I’m a little bummed I never saw this magnificent movie when it came out. I would’ve been six years old, maybe too young, maybe easily spooked, but I think I would have loved it, and I think it would’ve had a profound effect on me. I was a very sci-fi averse child, mostly because no one was telling me how cool it was, and I think I would have had a stronger connection to stuff I’m just now learning about, like this flick.
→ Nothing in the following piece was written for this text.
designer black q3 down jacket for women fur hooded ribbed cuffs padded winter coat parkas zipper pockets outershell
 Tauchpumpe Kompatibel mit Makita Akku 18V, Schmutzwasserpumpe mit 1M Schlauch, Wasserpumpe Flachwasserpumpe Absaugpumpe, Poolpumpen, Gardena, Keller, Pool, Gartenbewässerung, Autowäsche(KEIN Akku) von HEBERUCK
But watching it in my late 20s, and watching it with someone who did watch it back then and adores it to this day, I found myself with a different kind of appreciation for it. He pointed out the brilliance of John Williams’ score and the tightness of the editing, which I know I would’ve glossed over as a kid. “Every shot had a purpose,” he also said, which is such a lovely observation. I realized just how much we take certain blockbuster-level directors like Steven Spielberg for granted. Guy knew exactly what he was doing, and undoubtedly still does. That’s why Jurassic Park turned out as magically as it did.

The dinos are the obvious centerpieces of this movie, of course, as their other-worldliness captivates kids and adults alike. But there’s beauty beyond the visuals, too. I especially loved how the children were portrayed — sweet, resourceful — while most of the adults were annoying and acerbic. Some were benevolent, like Sam Neill’s Grant, Laura Dern’s ass-kicking Ellie and Jeff Goldlbum’s Jeff Goldblu–er, Malcolm. (He’ll never not play himself, which is fine.) Both were scientists, pitted against the business-minded fogeys who ran the theme park and tasked with making sure it was safe. But without the presence of the kids — the grandchildren of one of the fogeys — grounding the adults with some of that aforementioned wonderment, the movie would have been too weighty, even cynical.

I’m not exactly on the edge of my seat to see the sequels or the reboot. I might read the book. But for now, I just want to continue to live in the world of 1993, when this movie (and dinosaurs) were maybe as real as they’ll ever be.